Para o que não há retorno

Lado A

Naquele pós almoço, já era tarde das duas horas, quando Hanna seguiu com seus afazeres na certeza de que a esperariam perto da Tríade: o carro, a família, a rua vaga. No entanto, seu trajeto tornara-se mais complexo à medida que os negócios se ampliavam, por isso distraiu-se e perdeu-se nas horas.

Ao término das muitas voltas, deflagrou-se confusa. Onde estaria o veículo? Não a teriam deixado, teriam? Beco por beco, procurou. Nada. E o nada foi se avolumando em tudo que havia: castelos abandonados e canais de águas foscas. As sombras de torres desfiguravam a viela, trazendo à tona um poço e, sobre ele, um pêndulo laminado. Hanna avançava cegamente em sua direção enquanto a réstia de luz recolhia-se a ponto de a treva a arrematar. Magnetizada por um ímã inconsciente, aquele fosso vazio a abocanhava na insaciável ruína da carne a se decompor na jornada inútil do extravio.

Apenas a imagem de uma mulher de braços abertos e pés descalços no meio da rua a impediu. Tinha meia idade, baixa estatura e pequenos olhos negros emoldurados por longos cabelos lisos e pretos. Portava uma linha de preocupação sobre as sobrancelhas, irmanados de outras duas que deslizavam da fronte circundando os finos lábios. Aparentava já ter visto muito na vida. A mulher sinalizava que por ali não haveria mais destino possível. Apontava-lhe a direção inversa, enquanto murmurava repreensões a seres invisíveis. Hanna voltou-se, mas seu corpo forçava o abandono: arrastava-se contra o tempo, o peso de uma inação do espaço sobre si. Contudo, quanto mais a noite sem luz ia sendo vencida, mais suas pernas recobravam o vigor e conseguia traçar a linha reta para a saída.

Lado B

O clima festivo da entrada do verão convidava a passeios turísticos pelo canal da velha cidade. As imensas fileiras de bicicletas em seu entorno e as roupas descontraídas dos citadinos davam o tom do que se poderia aguardar nos finais de semana naquele país europeu.
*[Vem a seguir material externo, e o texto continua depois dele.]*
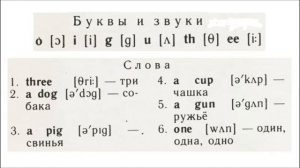 Скультэ В.И. урок 3, часть 1 (+ звуки и буквы)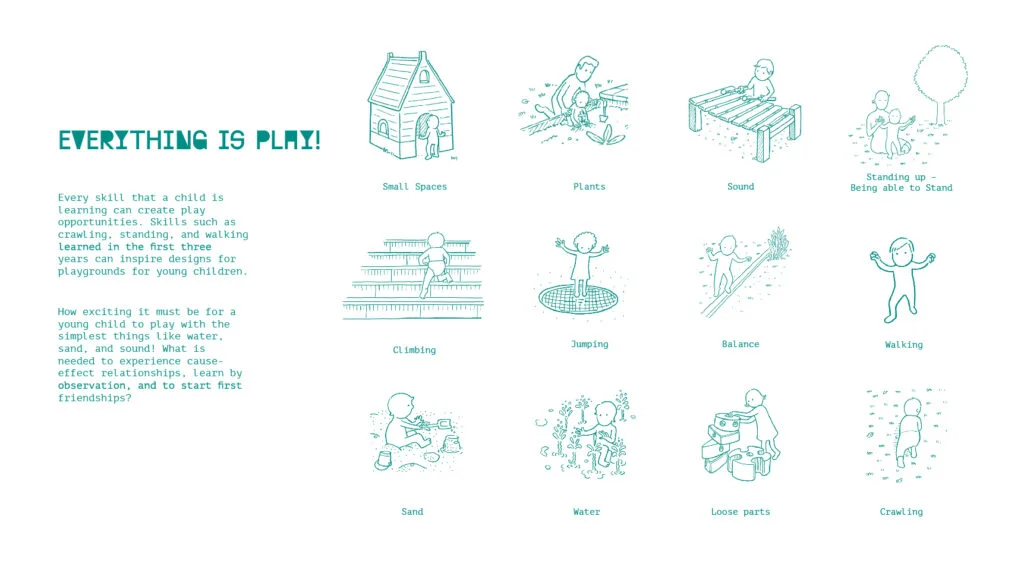 Play affordances for young children: ideas from Turkish design team Superpool (Gürdoğan et al., 2019)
O ócio em plena terça-feira também era saboreado ao som de playlists nos celulares de quem deixava os pés bambos a ponto de tocar n’água turva e ainda gelada que vinha de alguma montanha. Antecipavam-se planos, discutia-se onde terminar a noite, onde comemorar o Natal, para onde migrar nas férias. O que se faria depois de, o que completaria antes de, o que se protelaria para o futuro? Depois o término, talvez o início, quando se pudesse. Seres humanos costumam contar com a segurança de ir e vir, dia após dia, com manhãs, finais e recomeços.

O que poderia ser tão simples e relaxado contrastava com a imagem suntuosa das torres da Catedral de Parma, desfecho inesperado daquela paisagem de cartão postal. Lá, os ofícios da Santa Inquisição encontravam um lugar para serem absolvidos sob os olhares piedosos dos crentes no juízo final. A Tríade, como foi apelidada através dos séculos, quando o tema da caça às bruxas conquistou o anonimato, resolvera permanecer inerte e impassível no fluxo da história. Enquanto configurava-se em uma atitude abstêmia, a humanidade seguia seu curso, as horas sendo mortas à toa na frente das telas e no labor mecanizado. Os corpos ficando para trás. Quem se lembra deles? Os poços, os corpos, os fossos, as valas.

Sobrevoando a cena do meio-dia, uma ave insólita atravessadora de mundos, elucida verdades atemporais em seu pio onisciente. Castigo sem crime, e crime sem castigo, nunca mais.

Da noite que nos engole, o corvo a prenuncia.